As in the first quarter, the most important factor favorably influencing
earnings was a decline in non-interest operating expenses as virtually no FDIC
insurance expense was incurred in this second quarter of 1996. This is to be
compared with $192 thousand that was recorded in each of the first two quarters
of 1995. During the third quarter of 1995, the Bank Insurance Fund was
determined to have reached its legal requirement such that a refund was actually
paid to the Corporation in September. Little net FDIC premium expense was
incurred in the last six months of 1995: a net credit of $17 thousand for the
third quarter and a modest expense of $34 thousand in the last quarter of 1995.
In addition, income was favorably impacted by the growth in checking balances
and service charge income. The increase in service charge income was principally
the result of pricing adjustments which mostly became effective in October 1995.
There was also good growth in money market type savings balances, but the
benefit to earnings from these balances was largely offset by a decline in
traditional savings balances.
<PAGE>
Net interest income continues as the Corporation's primary source of
income. Net interest income for the quarter ended June 30, 1996 increased $302
thousand or 6.4% over the second quarter of 1995. Net interest income for the
six months ended June 30, 1996 increased $525 thousand or 5.6% over the same
period in 1995. The related net interest margin of 5.14%, however, was less than
that of the same six month period last year by seven basis points. This decline
is the result of generally lower interest rates on securities maturing or
repricing beyond one year.
Noninterest income net of securities transactions, showed an increase of
$111 thousand or 12.9% for the second quarter of 1996 compared with the second
quarter of 1995, and an increase of $250 thousand or 14.8% for the first six
months of 1996 compared to the same six month period in 1995. The largest
component of these increases reflect the increase in service charges on deposit
accounts as mentioned above.
There were no gains or losses on the sale of securities during the current
three or six month periods in comparison to a small gain reported in the first
six months of 1995.
Operating expenses showed an increase of $13 thousand in the second
quarter of 1996 compared to the second quarter of 1995. For the six months ended
June 30, 1996, operating expenses decreased in total by $106 thousand or 1.52%
when compared to the similar previous period. The positive variance between the
compared six month periods was due to the virtual elimination of FDIC insurance
expense of nearly $400 thousand.
No provision for loan losses was considered necessary.

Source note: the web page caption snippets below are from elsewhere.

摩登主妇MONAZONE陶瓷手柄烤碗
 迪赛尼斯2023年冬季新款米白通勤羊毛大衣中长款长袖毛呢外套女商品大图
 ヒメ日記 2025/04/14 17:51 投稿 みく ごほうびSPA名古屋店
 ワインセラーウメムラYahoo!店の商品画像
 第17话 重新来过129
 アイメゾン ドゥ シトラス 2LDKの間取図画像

Return on average assets (ROA) and return on average stockholders' equity
(ROE) for the current six month period were 1.54% and 13.25%, respectively,
compared with 1.37% and 12.53%, respectively, for the similar period of 1995.
Other Information
Capital expenditures for the year are presently estimated at
approximately $1,026 thousand. These expenditures are intended to cover costs of
furniture and equipment, facility improvements, and branch office expansion.
Expenditures for the six months ended June 30, 1996 amounted to $266 thousand
and are expected to remain within budgeted amounts.
Stock repurchase plans have been approved by the Board of Directors
since 1988, authorizing the Corporation to repurchase shares of its own common
stock in market or private transactions. Ten such plans have been initiated
since that date involving the repurchase of 20,000 to 25,000 shares per plan.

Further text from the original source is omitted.